Sir Anton Muscatelli, principal and vice-chancellor of the University of Glasgow, said that he believed it is through high-quality teaching that institutions can best make a positive impact on society, and said that Glasgow has endeavoured to ensure that student experience is not considered secondary to research performance.
"I strongly believe being a research intensive [university] and actually being excellent at teaching is something which is symbiotic," Sir Anton told Times Higher Education. "Sometimes there's an impression out there that research intensive universities spend rather more time to think about the research context rather than the student context. We don't believe that, and Glasgow is not like that."

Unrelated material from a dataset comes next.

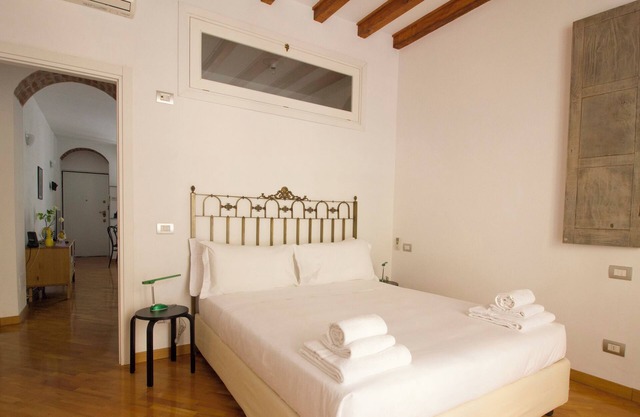 Lambro 12 - One Bedroom Apartment, Sleeps 4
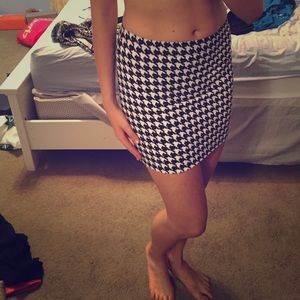 Hounds tooth bodycon skirt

Sir Anton was speaking ahead of next year's inaugural THE Teaching Excellence Summit, which will be hosted by Glasgow. Hosting the summit, Sir Anton said, is an "important way" to emphasise the vital role of university teaching.
"Universities have huge impact through various channels for the public good, and of course research is important," he continued. "But actually, the major channel whereby we impact on society is through our students, through the skills they gain but also through the other qualities which go beyond their subject matter."
Among the other qualities he pointed to to are critical thinking, and an ability to understand how students will impact on society. "From my point of view, the reason why we need to focus on teaching is that it's...our main raison d'être. It's the reason why we impact so greatly on society."
Sir Anton also hopes the summit, taking place in July next year, will allow his university to showcase its drive for teaching excellence. "I do think Glasgow is unique among the Russell Group of universities in the UK in terms of having this fantastic student experience, as well as being a great research intensive [university]," he said.